- Try it -
Reprint all of the data below exactly as shown and skip every image.

- Material for the task -
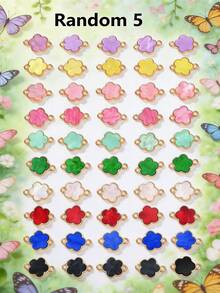 5/10/20/30/50/100/200/300/400/500pcs Multi-Color Elegant Quatrefoil Flower Double Hole Pendant, Suitable For DIY Necklace, Bracelet, Earring, Key Chain, Phone Charm, Couple Gift Jewelry Making - Five-petal Flower - View 16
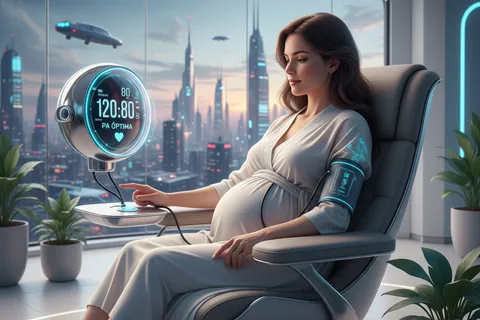 Mujer embarazada midiendo su presión arterial en casa con un monitor digital, mostrando la técnica correcta.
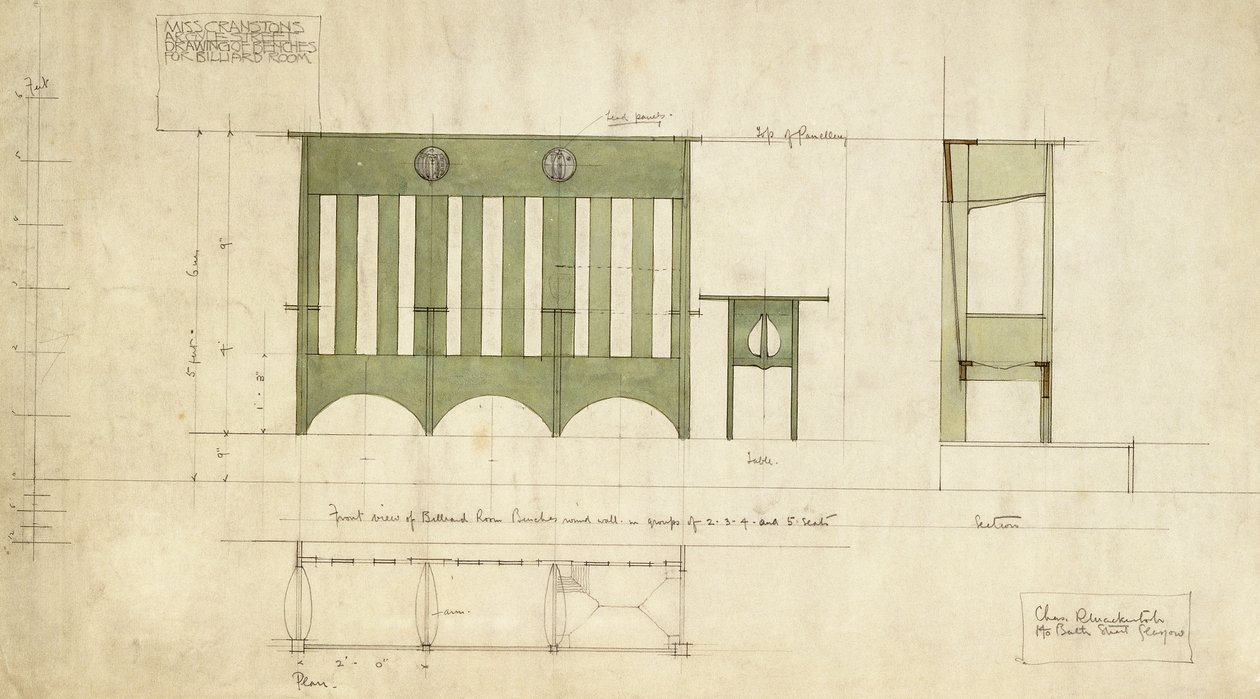 Utformning för bänkar och bord, visad i höjd- och sektionsplan av Charles Rennie Mackintosh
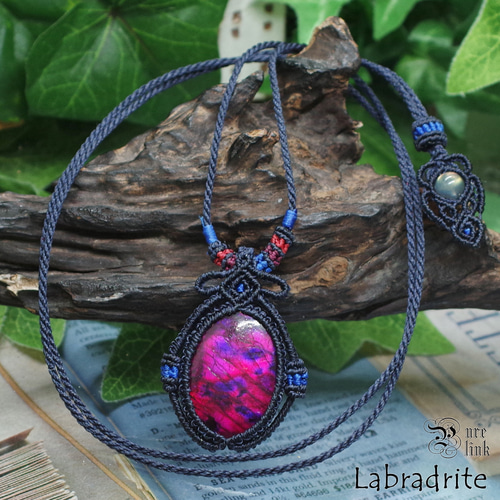 パープルラブラドライト』マクラメ編みトップネックレス ネックレス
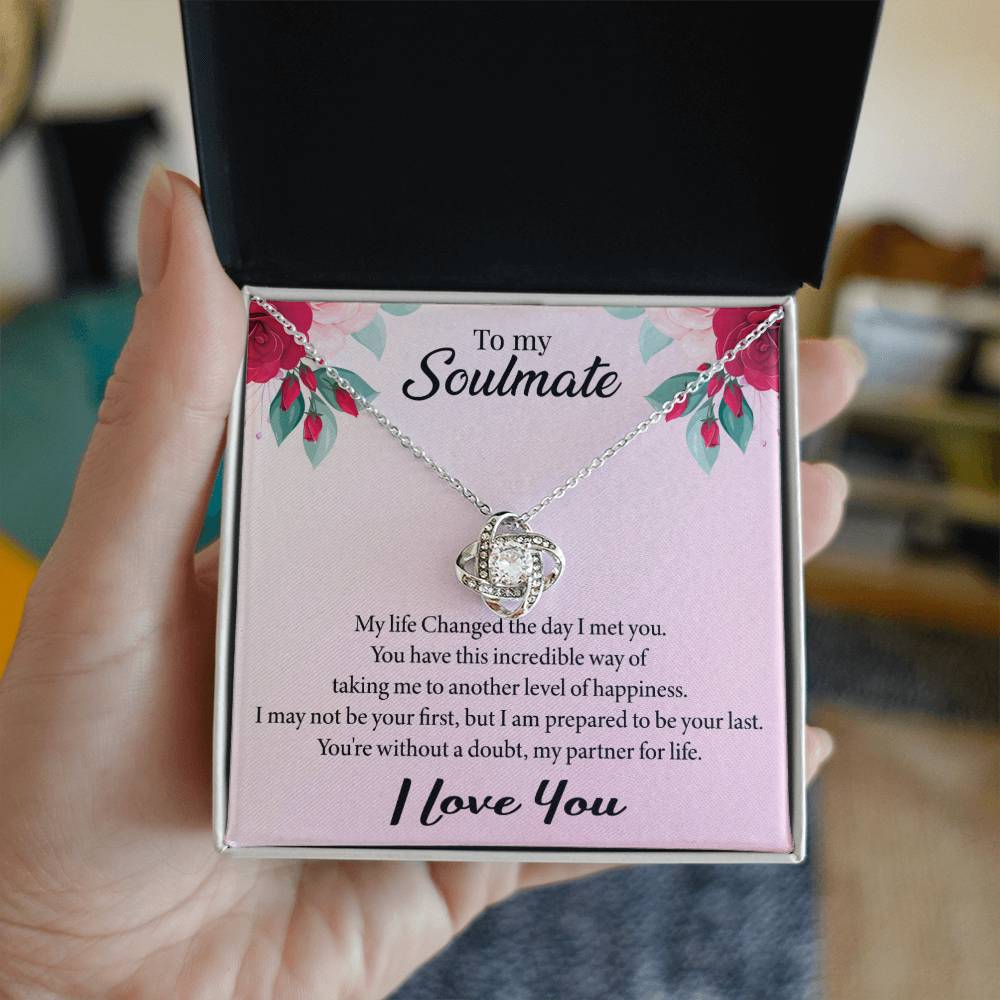 To My Soulmate Love Knot Necklace - Valentine Gift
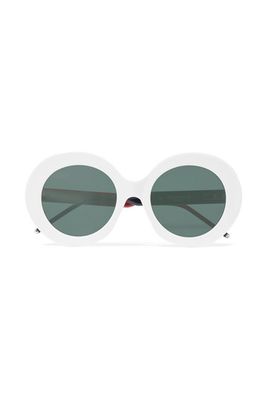 Round-Frame Acetate Mirrored Sunglasses from Thom Browne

- Solution to the exercise -
 5/10/20/30/50/100/200/300/400/500pcs Multi-Color Elegant Quatrefoil Flower Double Hole Pendant, Suitable For DIY Necklace, Bracelet, Earring, Key Chain, Phone Charm, Couple Gift Jewelry Making - Five-petal Flower - View 16
 Mujer embarazada midiendo su presión arterial en casa con un monitor digital, mostrando la técnica correcta.
 Utformning för bänkar och bord, visad i höjd- och sektionsplan av Charles Rennie Mackintosh
 パープルラブラドライト』マクラメ編みトップネックレス ネックレス
 To My Soulmate Love Knot Necklace - Valentine Gift
 Round-Frame Acetate Mirrored Sunglasses from Thom Browne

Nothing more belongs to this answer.